# Prompt
Copy the listing exactly; drop the pictures.

# Information given
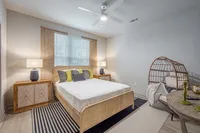 Furnished bedroom with bed and tables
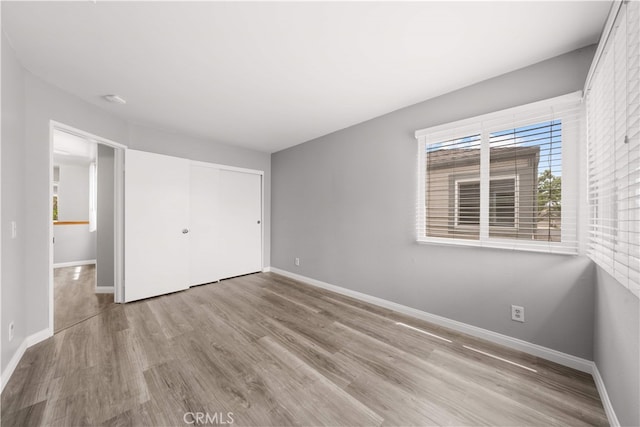 206 Eisenhower, Placentia, CA 92870 - unfurnished bedroom featuring wood finished floors, baseboards, and a closet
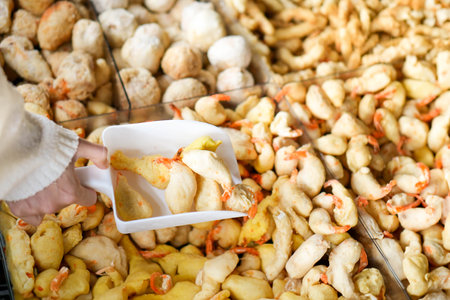 Close up view of people choosing raw or undone tempura shrimp, breaded, crispy, deep fried in batter.の写真素材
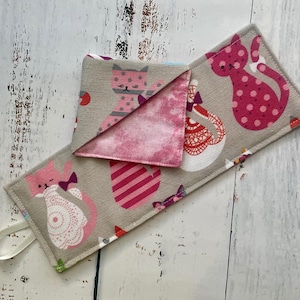 May include: A gray fabric cat-themed coaster and matching folded napkin set. The coaster and napkin feature pink cat illustrations with bows and polka dots. The napkin has a pink tie-dye pattern on the inside and a gray cat print on the outside.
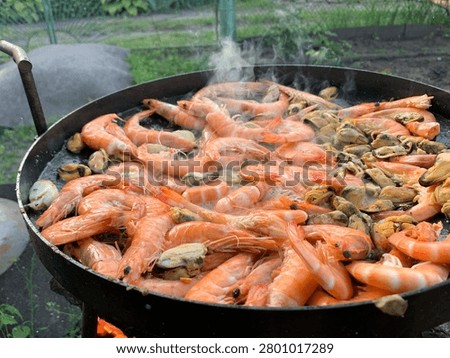A generous portion of succulent shrimp and briny mussels are sizzling in a large black pan, releasing aromatic steam as they cook over a vibrant flame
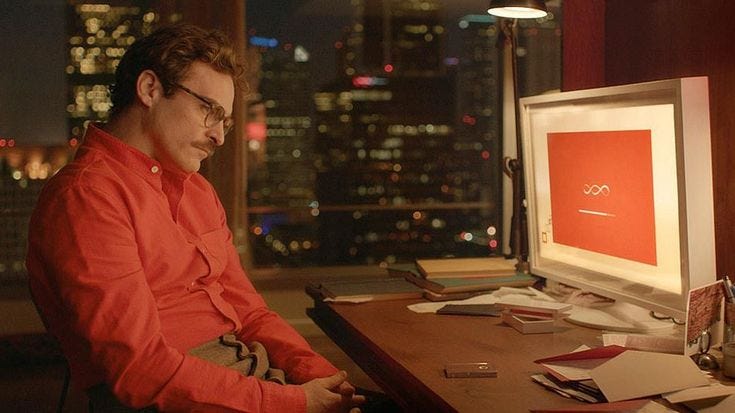 This may contain: a man sitting at a desk in front of a computer monitor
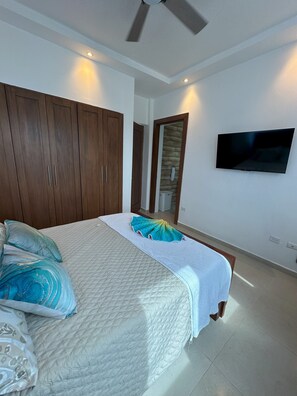 Ein Schlafzimmer mit einem großen Bett, einem Holzschrank, einem Flachbildfernseher und einem Deckenventilator.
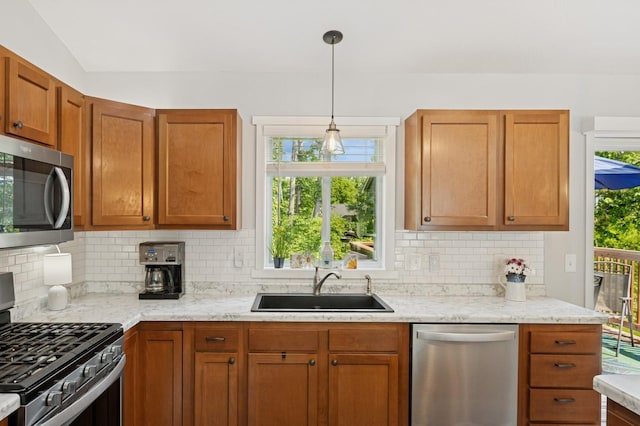 13362 Jefferson St, Becker, MN 55308 - kitchen featuring appliances with stainless steel finishes, a sink, decorative backsplash, and decorative light fixtures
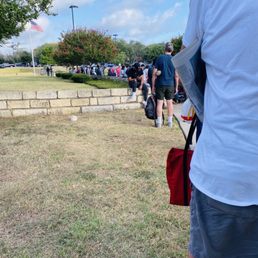 Waiting line outside the social security office at a 105 degrees texas weather in the summer of 2022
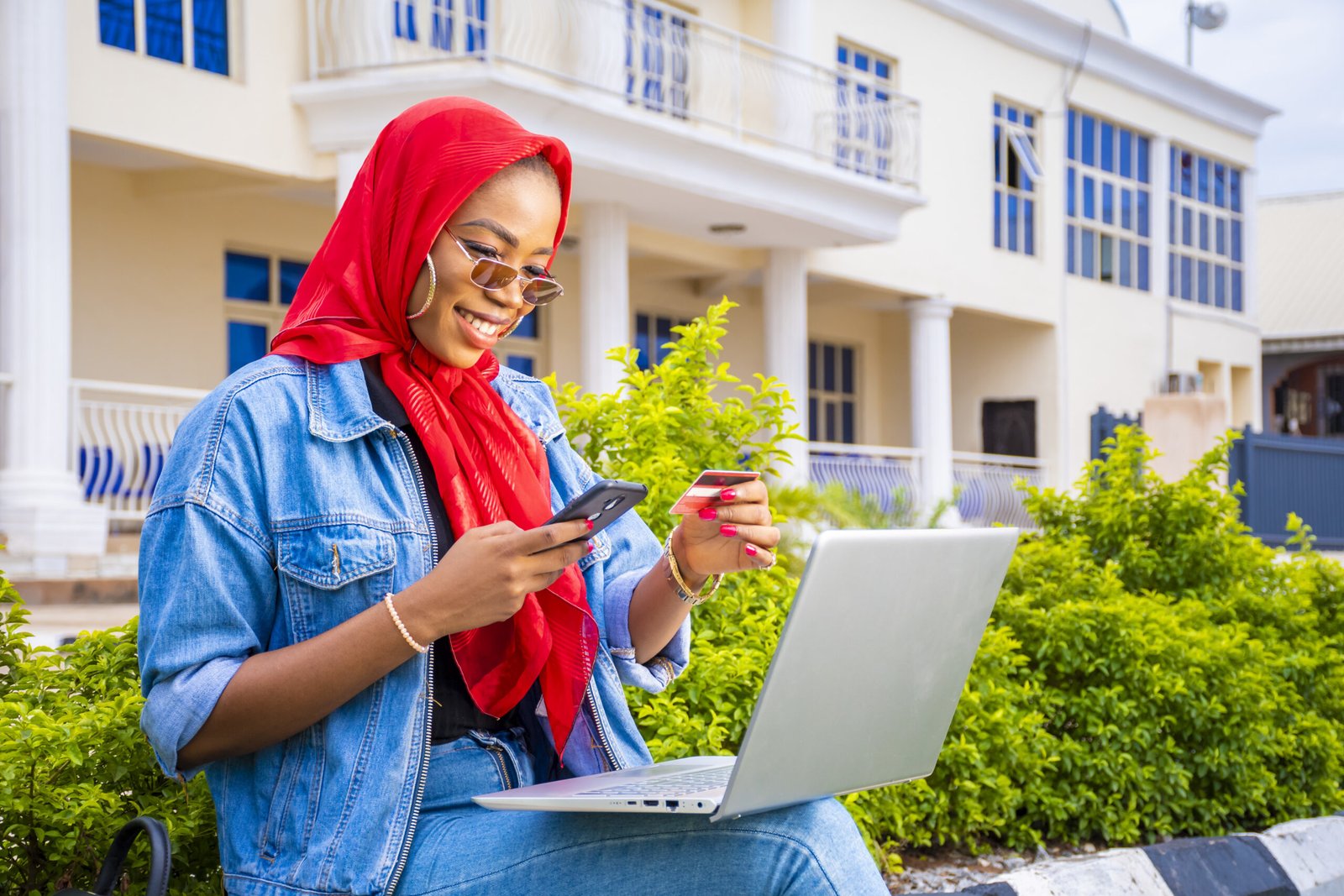 A beautiful young African woman smiling while using her laptop outside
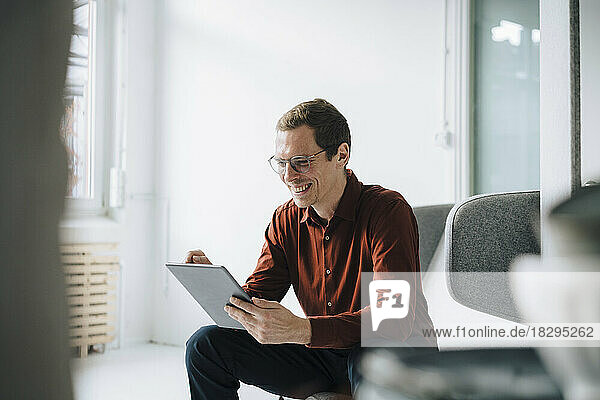 Happy businessman using tablet PC in office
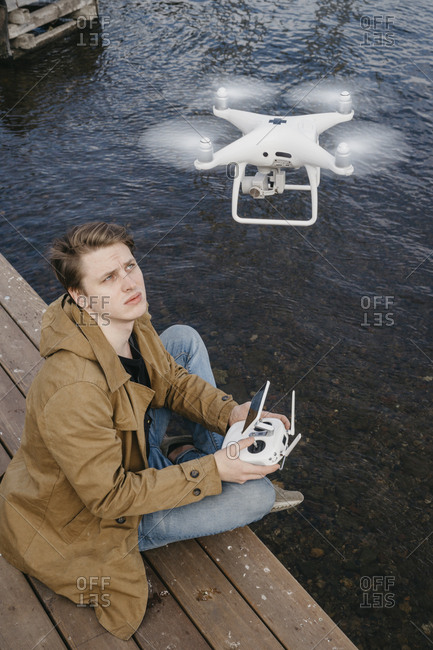 A handsome young man is holding a remote from the drone. flying drone on the background of water. close-up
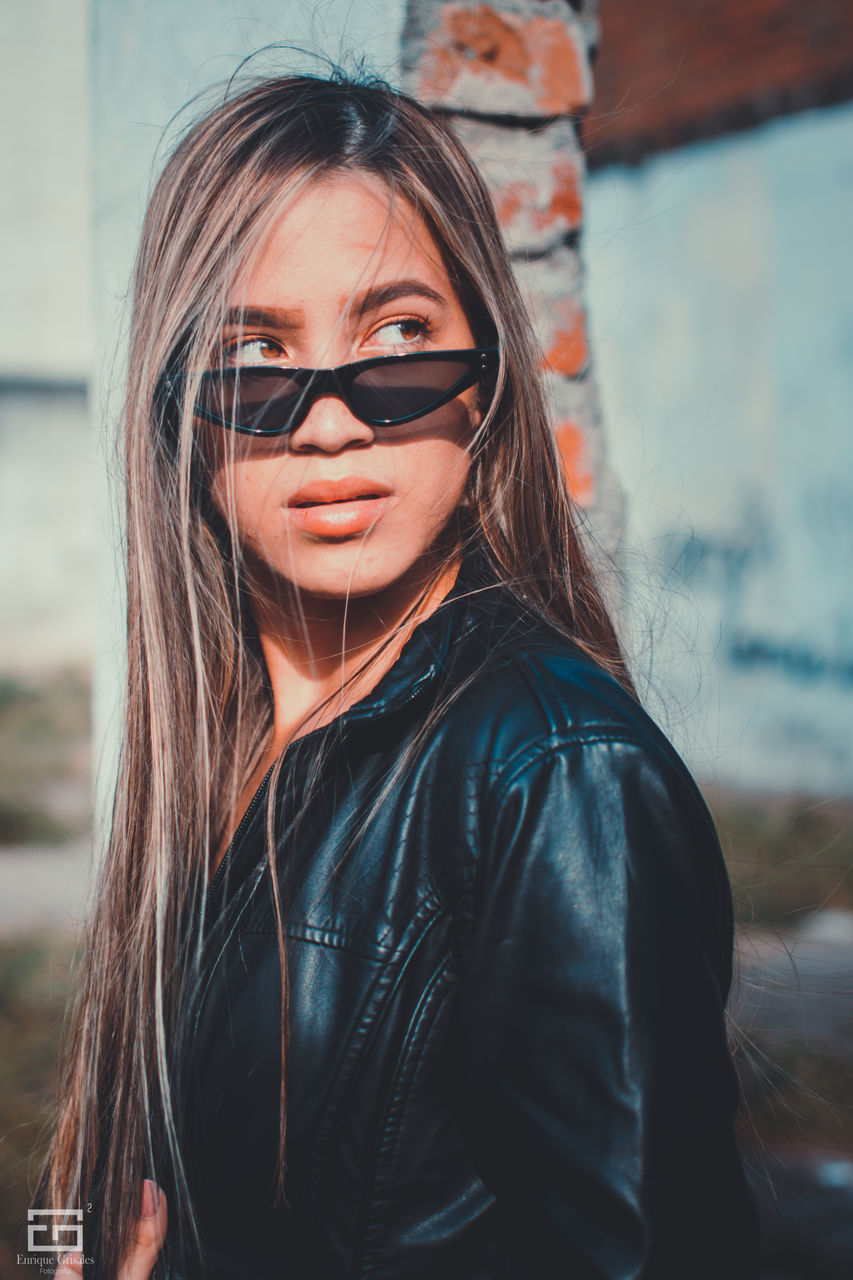 one person, real people, portrait, young women, lifestyles, young adult, glasses, focus on foreground, leisure activity, sunglasses, hair, smiling, fashion, casual clothing, hairstyle, jacket, front view, day, leather, outdoors, beautiful woman, leather jacket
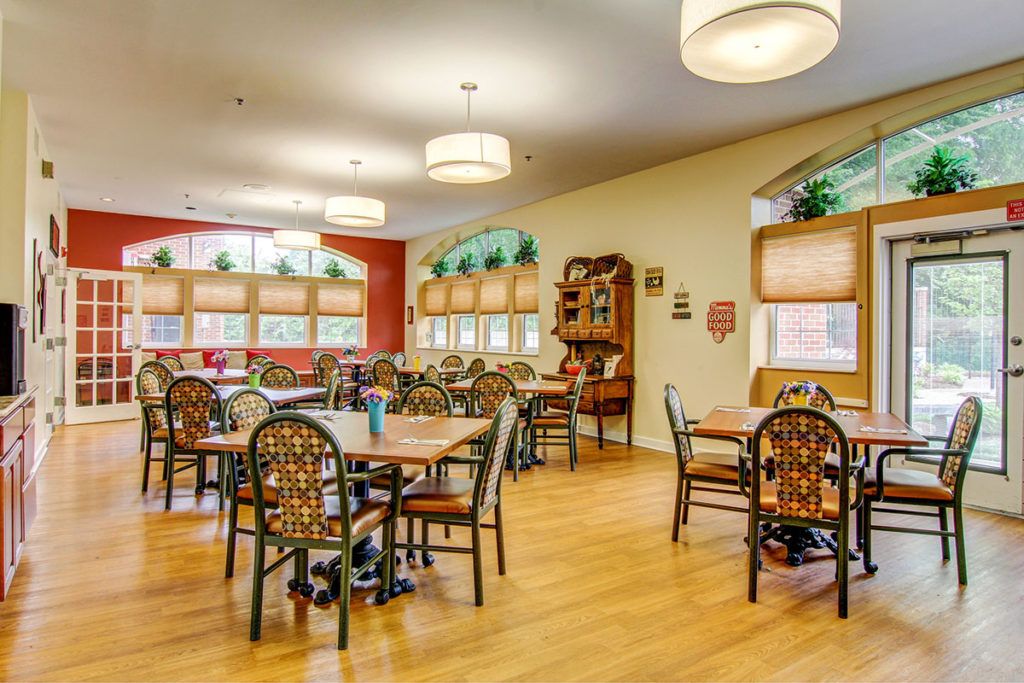 A cozy dining area featuring several tables and chairs, illuminated by decorative overhead lights.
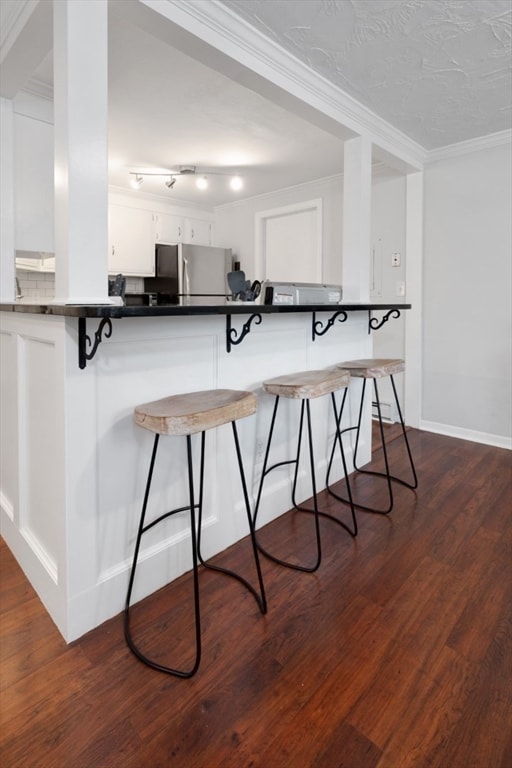 kitchen featuring white cabinets, stainless steel refrigerator, dark hardwood / wood-style flooring, crown molding, and a breakfast bar area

# Solution for this task
 Furnished bedroom with bed and tables
 206 Eisenhower, Placentia, CA 92870 - unfurnished bedroom featuring wood finished floors, baseboards, and a closet
 Close up view of people choosing raw or undone tempura shrimp, breaded, crispy, deep fried in batter.の写真素材
 May include: A gray fabric cat-themed coaster and matching folded napkin set. The coaster and napkin feature pink cat illustrations with bows and polka dots. The napkin has a pink tie-dye pattern on the inside and a gray cat print on the outside.
A generous portion of succulent shrimp and briny mussels are sizzling in a large black pan, releasing aromatic steam as they cook over a vibrant flame
 This may contain: a man sitting at a desk in front of a computer monitor
 Ein Schlafzimmer mit einem großen Bett, einem Holzschrank, einem Flachbildfernseher und einem Deckenventilator.
 13362 Jefferson St, Becker, MN 55308 - kitchen featuring appliances with stainless steel finishes, a sink, decorative backsplash, and decorative light fixtures
 Waiting line outside the social security office at a 105 degrees texas weather in the summer of 2022
 A beautiful young African woman smiling while using her laptop outside
 Happy businessman using tablet PC in office
 A handsome young man is holding a remote from the drone. flying drone on the background of water. close-up
 one person, real people, portrait, young women, lifestyles, young adult, glasses, focus on foreground, leisure activity, sunglasses, hair, smiling, fashion, casual clothing, hairstyle, jacket, front view, day, leather, outdoors, beautiful woman, leather jacket
 A cozy dining area featuring several tables and chairs, illuminated by decorative overhead lights.
 kitchen featuring white cabinets, stainless steel refrigerator, dark hardwood / wood-style flooring, crown molding, and a breakfast bar area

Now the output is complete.